During a whole century (since the end of the last one) it was
assumed that auroras occur most frequently along the auroral zone
aligned with the geomagnetic latitude of 67o.
Along the auroral zone at ionosphere altitudes the westward auroral
electrojet is located in the morning sector and the eastward one is
located in the evening sector, and they are short-circuited by
reverse currents mainly across the polar cap
[Chapman, 1935].
Between the electrojets in the auroral belt in the premidnight
sector there exists a discontinuity in the ionosphere current
[Harang, 1946].
To pass to a concept of the auroral oval, we need a new idea of
spatio-temporal distribution of the geomagnetic field variations at
high latitudes. Akasofu et al. [1965],
Fel'dshtein [1963], and
Fel'dshtein and Zaitsev [1965] showed that during disturbed periods
the westward electrojet is located in the auroral oval. The westward
electrojet extends from the latitudes of the auroral belt in the
morning sector to the evening sector to the pole of the eastward
electrojet. As a result of the overlap of electrojets there appears
a "slit" between them whose latitude increases as one passes from
near-midnight hours to evening ones. In the models developed by
Fel'dshtein [1965] and Akasofu
[1965] for electrojets, this slit was
called the "Harang discontinuity" [Heppner, 1972],
and since then
this term has been in general use. The model of the spatio-temporal
distribution of the geomagnetic field variations given by
Fel'dshtein and Zaitsev [1965] appeared to be adequate
to the general structure of geophysical phenomena at high latitudes
during magnetospheric disturbances [Akasofu, 1977].
Rostoker [1992a, b]
criticized the present idea of the Harang
discontinuity. According to his new model of a three-dimensional
current system during the active phase of a magnetospheric substorm
the westward electrojet splits into two isolated segments with
discontinuities in latitude and local time in the midnight sector:
in the morning sector the electrojet is at the latitudes of the
poleward auroral zone, and in the evening sector it is at the pole
of the eastward electrojet. Both portions of the westward current
are not connected by a current crossing the midnight sector. Their
physical natures are also different because magnetic lines connect
them to different parts of the magnetosphere. The existence of two
active areas separated in latitude by approximately
1000 km was demonstrated by Rostoker [1992a] through a
Viking image of auroral fluorescence in the ultraviolet on September
19, 1986, at 1633-1637 UT.
However, no investigations have been carried out for the
character of the current system in the vicinity of the overlap
between the westward and eastward electrojets. For the substorm
under consideration, there is a unique opportunity to carry out such
investigations using the data from three chains of magnetic stations
which were in operation in that period in the region of the overlap
between electrojets along the geomagnetic meridians close to each
other (~110o, ~145o, and ~157o).
The goal of this
paper is to give a comprehensive analysis of variations in the
geomagnetic field and associated ionospheric currents in this region
and of a relationship between the currents and auroral emissions
during the active phase of the magnetospheric substorm (on the basis
of simultaneous observations) on September 19, 1986.

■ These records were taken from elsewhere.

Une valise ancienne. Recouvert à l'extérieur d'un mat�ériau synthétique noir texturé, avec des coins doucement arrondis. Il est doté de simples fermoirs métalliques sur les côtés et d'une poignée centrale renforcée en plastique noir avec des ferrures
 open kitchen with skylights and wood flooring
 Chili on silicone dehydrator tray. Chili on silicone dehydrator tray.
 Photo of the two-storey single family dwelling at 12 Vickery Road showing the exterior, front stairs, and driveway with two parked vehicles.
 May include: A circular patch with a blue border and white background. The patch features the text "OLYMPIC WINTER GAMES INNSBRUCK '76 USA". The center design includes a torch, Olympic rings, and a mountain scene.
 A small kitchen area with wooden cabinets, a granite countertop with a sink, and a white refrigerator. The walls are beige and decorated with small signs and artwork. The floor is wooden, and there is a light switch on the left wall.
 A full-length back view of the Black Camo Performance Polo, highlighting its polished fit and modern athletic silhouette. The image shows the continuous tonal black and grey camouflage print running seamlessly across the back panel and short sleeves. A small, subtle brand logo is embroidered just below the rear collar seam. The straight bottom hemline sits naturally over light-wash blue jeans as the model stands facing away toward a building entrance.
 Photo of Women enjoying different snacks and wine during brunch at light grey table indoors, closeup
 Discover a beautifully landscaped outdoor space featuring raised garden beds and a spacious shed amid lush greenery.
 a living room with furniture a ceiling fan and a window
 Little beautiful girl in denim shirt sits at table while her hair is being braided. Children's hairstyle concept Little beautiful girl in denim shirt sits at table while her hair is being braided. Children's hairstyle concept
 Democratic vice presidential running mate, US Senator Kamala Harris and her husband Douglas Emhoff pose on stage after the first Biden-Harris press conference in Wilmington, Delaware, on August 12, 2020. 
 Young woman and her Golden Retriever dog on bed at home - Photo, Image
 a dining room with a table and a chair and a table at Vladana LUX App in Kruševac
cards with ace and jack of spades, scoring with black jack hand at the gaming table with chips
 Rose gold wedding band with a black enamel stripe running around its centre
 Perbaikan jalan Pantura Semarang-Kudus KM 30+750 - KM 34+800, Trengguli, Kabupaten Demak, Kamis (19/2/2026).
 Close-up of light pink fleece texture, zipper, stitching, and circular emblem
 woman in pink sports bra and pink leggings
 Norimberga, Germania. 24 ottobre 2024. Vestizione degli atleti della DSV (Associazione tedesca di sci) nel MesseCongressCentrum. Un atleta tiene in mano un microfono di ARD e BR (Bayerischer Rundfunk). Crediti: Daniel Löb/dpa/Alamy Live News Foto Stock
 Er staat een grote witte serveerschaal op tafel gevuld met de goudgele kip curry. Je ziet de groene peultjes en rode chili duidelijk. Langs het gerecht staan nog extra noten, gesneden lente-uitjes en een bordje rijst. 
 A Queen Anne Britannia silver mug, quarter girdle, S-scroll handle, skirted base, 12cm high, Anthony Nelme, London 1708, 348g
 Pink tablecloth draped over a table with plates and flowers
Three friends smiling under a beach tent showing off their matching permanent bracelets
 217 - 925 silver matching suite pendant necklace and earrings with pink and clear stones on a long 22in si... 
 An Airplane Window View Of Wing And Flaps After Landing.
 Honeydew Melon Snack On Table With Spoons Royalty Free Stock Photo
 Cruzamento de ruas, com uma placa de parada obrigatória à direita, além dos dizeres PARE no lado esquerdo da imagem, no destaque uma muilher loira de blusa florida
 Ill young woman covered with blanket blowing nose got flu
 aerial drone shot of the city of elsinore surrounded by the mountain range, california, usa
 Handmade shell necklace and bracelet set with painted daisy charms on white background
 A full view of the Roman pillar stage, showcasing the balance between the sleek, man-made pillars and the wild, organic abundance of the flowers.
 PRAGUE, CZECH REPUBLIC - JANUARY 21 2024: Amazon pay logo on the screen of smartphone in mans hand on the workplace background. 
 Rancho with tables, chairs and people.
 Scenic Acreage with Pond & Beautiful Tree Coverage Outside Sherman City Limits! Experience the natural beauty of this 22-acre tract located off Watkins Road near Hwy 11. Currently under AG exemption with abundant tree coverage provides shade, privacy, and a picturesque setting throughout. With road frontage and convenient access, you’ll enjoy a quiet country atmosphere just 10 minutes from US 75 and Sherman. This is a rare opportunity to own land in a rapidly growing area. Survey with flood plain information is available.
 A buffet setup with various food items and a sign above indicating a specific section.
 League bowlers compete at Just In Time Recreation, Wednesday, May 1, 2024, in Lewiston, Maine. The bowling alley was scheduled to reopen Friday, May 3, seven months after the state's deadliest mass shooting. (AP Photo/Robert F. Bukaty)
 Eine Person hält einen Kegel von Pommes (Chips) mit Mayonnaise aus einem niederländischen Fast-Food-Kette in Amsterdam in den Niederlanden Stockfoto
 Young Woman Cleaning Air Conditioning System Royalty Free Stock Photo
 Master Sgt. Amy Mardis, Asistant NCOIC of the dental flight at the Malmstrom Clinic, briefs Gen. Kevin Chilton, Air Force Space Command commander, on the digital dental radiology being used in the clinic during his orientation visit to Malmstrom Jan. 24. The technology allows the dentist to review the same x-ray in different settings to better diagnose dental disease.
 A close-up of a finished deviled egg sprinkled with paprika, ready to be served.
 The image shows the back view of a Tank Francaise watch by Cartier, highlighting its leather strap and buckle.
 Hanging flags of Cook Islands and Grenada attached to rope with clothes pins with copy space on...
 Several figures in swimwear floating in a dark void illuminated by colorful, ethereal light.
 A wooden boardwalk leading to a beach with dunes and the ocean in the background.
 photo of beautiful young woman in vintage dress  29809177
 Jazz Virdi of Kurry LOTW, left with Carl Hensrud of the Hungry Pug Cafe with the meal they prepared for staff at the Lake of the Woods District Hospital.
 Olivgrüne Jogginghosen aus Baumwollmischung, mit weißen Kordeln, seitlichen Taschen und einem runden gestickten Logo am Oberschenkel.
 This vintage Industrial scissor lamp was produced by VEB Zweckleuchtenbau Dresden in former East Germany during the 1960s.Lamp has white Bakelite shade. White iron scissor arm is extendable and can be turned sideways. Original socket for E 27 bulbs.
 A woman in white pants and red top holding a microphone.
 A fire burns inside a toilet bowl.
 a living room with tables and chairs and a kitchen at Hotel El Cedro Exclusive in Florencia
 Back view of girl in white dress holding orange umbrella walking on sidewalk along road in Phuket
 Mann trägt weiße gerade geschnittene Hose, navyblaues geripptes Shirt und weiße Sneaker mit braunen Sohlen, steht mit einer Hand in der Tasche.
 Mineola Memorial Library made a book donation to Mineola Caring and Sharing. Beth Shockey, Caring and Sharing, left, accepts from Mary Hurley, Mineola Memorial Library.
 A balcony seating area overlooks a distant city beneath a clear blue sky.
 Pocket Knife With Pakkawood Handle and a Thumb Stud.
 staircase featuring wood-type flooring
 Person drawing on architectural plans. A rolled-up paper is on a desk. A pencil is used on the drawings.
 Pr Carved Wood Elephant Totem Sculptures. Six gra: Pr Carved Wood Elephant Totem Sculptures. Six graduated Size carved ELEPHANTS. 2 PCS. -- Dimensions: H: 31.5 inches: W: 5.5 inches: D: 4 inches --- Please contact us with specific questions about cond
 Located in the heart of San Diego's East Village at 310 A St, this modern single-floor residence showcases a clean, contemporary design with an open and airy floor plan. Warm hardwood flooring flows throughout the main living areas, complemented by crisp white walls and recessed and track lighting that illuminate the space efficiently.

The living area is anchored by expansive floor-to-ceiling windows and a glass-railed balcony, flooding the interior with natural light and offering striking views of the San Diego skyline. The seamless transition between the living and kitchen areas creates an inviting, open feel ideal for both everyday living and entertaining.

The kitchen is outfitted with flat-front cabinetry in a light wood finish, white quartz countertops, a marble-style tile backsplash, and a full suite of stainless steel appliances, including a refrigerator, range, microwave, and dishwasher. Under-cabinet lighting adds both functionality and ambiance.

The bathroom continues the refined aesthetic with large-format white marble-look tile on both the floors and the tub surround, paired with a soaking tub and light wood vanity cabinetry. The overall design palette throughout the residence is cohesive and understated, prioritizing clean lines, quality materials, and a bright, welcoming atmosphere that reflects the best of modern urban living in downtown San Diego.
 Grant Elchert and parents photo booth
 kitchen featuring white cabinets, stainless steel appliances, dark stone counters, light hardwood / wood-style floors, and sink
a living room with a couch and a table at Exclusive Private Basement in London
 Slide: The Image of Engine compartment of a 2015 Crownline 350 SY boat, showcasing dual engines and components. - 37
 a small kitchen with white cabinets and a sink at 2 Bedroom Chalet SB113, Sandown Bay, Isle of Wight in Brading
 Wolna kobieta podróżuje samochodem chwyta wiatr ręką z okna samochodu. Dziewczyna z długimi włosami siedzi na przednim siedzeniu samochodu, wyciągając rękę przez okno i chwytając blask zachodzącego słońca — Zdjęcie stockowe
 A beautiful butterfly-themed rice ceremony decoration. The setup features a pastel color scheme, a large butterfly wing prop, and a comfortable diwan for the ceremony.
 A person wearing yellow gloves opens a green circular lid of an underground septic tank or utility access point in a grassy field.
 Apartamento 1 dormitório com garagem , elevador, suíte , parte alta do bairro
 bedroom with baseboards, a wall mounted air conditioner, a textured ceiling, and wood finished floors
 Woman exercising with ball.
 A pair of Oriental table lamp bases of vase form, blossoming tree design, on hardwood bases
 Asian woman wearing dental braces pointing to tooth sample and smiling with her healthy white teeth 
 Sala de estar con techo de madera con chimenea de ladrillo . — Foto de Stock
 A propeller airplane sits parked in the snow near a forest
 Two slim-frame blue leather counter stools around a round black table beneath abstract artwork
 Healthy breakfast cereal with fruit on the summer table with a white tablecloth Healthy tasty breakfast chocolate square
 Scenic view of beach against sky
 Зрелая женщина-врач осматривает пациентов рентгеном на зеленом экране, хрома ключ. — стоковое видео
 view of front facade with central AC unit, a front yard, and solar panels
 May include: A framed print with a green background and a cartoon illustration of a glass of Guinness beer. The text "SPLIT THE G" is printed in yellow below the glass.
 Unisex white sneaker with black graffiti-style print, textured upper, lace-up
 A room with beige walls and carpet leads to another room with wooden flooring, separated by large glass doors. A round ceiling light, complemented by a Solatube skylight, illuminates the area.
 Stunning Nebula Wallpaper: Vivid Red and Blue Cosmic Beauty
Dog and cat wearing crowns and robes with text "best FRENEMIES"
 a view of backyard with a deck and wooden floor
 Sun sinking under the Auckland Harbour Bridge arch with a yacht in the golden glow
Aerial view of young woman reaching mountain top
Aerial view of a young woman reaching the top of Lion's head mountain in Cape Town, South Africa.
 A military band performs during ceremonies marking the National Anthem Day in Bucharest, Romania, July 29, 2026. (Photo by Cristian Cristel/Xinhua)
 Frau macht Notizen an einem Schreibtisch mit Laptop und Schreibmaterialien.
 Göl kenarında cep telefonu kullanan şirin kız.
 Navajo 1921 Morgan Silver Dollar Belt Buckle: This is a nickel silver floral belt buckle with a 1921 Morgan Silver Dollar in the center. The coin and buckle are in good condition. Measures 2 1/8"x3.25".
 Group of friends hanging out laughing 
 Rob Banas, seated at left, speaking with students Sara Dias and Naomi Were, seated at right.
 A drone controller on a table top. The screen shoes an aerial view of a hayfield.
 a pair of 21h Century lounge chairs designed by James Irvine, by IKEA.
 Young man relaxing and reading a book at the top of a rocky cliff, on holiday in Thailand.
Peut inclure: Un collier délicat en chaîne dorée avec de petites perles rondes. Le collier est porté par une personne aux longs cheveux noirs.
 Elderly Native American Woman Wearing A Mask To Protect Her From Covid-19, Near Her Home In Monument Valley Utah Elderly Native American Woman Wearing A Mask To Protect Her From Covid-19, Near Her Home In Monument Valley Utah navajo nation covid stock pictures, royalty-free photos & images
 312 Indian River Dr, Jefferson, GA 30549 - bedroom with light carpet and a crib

We used normal magnetograms from 18 stations which cover rather
densely the region of the transition from the westward electrojet to
the eastward one during the substorm under consideration.
Coordinates of the stations are given in
Table 1.
Figure 1 presents a sequence of two Viking images of auroral
emission in ultraviolet on September 19, 1986, for the northern
high-latitude ionosphere. The domain of the most intense emission is
hachured; that of the less intense emission is dotted. In the sector
between evening and premidnight hours the most intense emission
takes place in two domains separated in latitudes. The magnetic
observatories, whose positions are shown by crosses, cover this
region rather densely. According to Rostoker
[1992a, b], just here
the latitudinal discontinuity in the westward electrojet is expected
to be at the meridian where the westward and eastward electrojets
"meet" each other at auroral latitudes.
According to auroral activity index AE [Data Book 20, 1991] the
magnetospheric substorm started at ~1410 UT with a fast smooth
increase in the westward electrojet, which lasted till 1645 UT, the
highest intensity being of ~1000 nT. At that moment the magnetic
field due to the auroral electrojets amounted up to ~1350 nT,
after which it decreased to ~250 nT at 1800 UT. This substorm
had no specific initiation phase. Possibly this can be explained
through the fact that the magnetic field was not perfectly quiet
before the substorm onset.
Figure 1 shows the auroral emission distribution at the substorm
development phase. In this phase the most intense emission takes
place at certain moments at the poleward and equatorward boundaries
of the oval, a diffuse emission being between them
[Starkov and Fel'dshtein, 1971].
To characterize the ionospheric currents from the magnetic field
variations two procedures were used: a mapping of disturbance
vectors in the horizontal plane, and a calculation of the electrojet
latitudinal structure from the data of a meridional chain of
stations. The first procedure has long been in use (see, for
instance, Akasofu [1968]); the second one became popular recently
[Kotikov et al., 1987].
So let us briefly present the calculation
procedure for current densities from the data of the meridional
chain. The calculations through variations in H or Z components of
the magnetic field can be carried out independently of one another.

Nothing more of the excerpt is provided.